You can think of added sugars like the ones you might add to coffee or baked goods, Chaparro says. Ingredients like table sugar, brown sugar and honey are all added sugars. Agave, high-fructose corn syrup and maple syrup also fall into this bucket.
"Added sugars are a source of calories but often are devoid of other nutritional properties," Chaparro says. That is, you'll get some protein along with the natural sugar lactose in Greek yogurt or some fiber along with the natural sugar fructose in an apple. Straight up brown sugar? Not exactly nutrient-rich.
Chronically overeating added sugars — be it from soft drinks, cocktails, condiments, snack foods or desserts — can up our risk of chronic conditions like type 2 diabetes and cardiovascular disease over time. Newer research, like a prospective November 2020 study in The Journal of Prevention of Alzheimer's Disease, has even linked higher sugar consumption from beverages to a greater risk of dementia.

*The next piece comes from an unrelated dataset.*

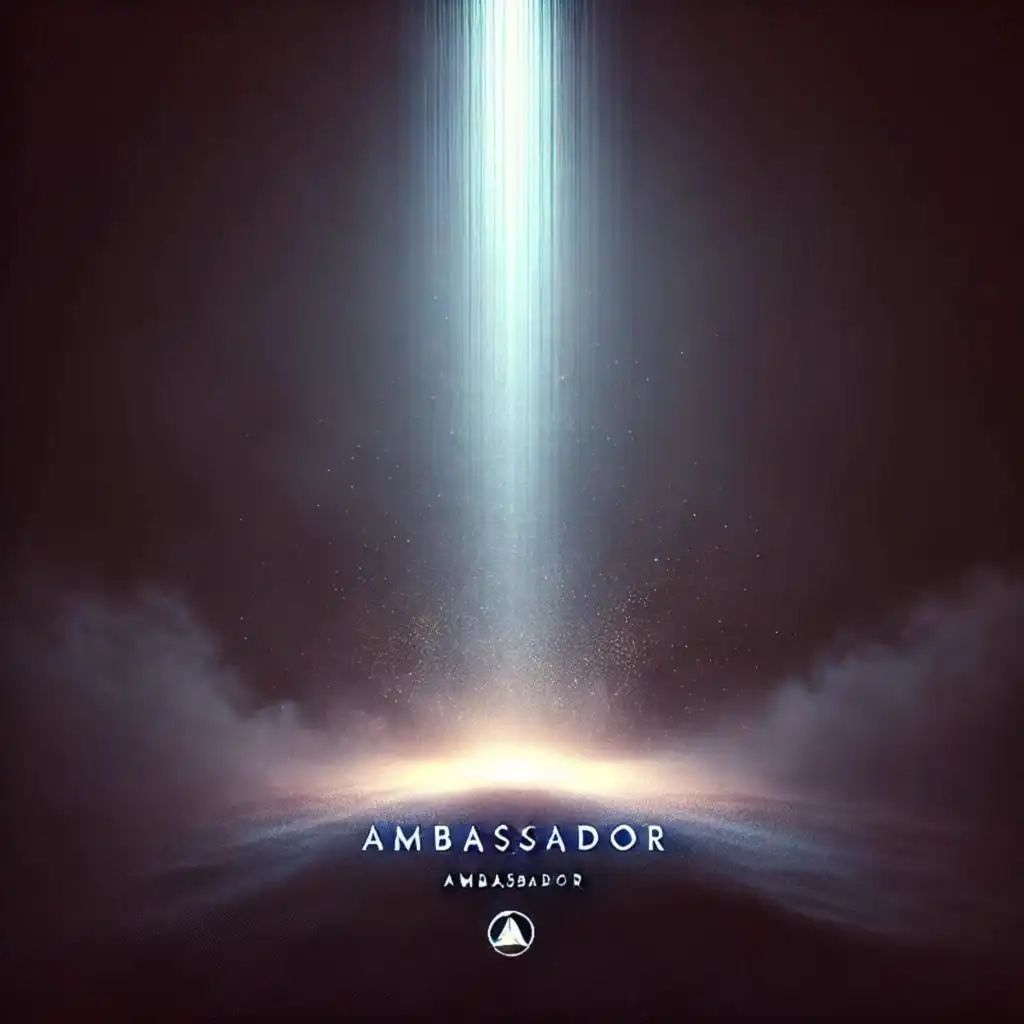 Ambassador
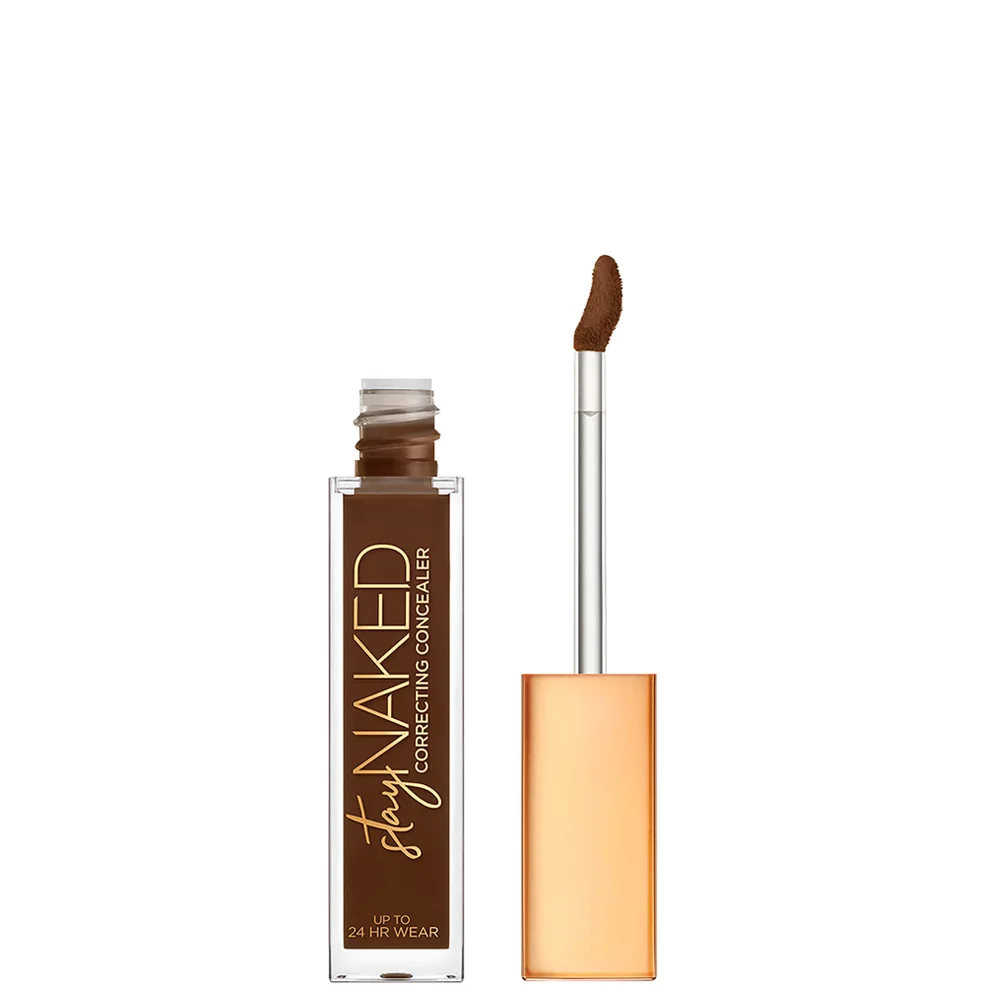 Urban Decay Stay Naked Concealer (Various Shades)Image1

How Much Sugar Should You Be Eating?
Our current food system makes it all too easy to exceed our daily sugar needs.
Friendly reminder: “The American Heart Association recommends that adults stay under 24 to 36 grams of added sugars per day," says Maryann Walsh, RD, CDE, a registered dietitian, certified diabetes educator and the founder of Walsh Nutrition Consulting. “This is a good rule of thumb for people living with diabetes as well.”
Here are eight things RDs do to keep their added sugar intake in a healthy range.
1. They Avoid Drinking Their Sugars
Sugar-sweetened beverages (SSBs) are among the leading sources of added sugars in the American diet, per the Centers for Disease Control and Prevention. That's hardly surprising once you realize that a 17-ounce Coke contains a staggering 55 grams of added sugars per bottle, more than twice the amount of added sugars recommended for some people in a day.
Juices, energy drinks, vitamin waters and sweetened coffees and teas also contribute to the SSB trap.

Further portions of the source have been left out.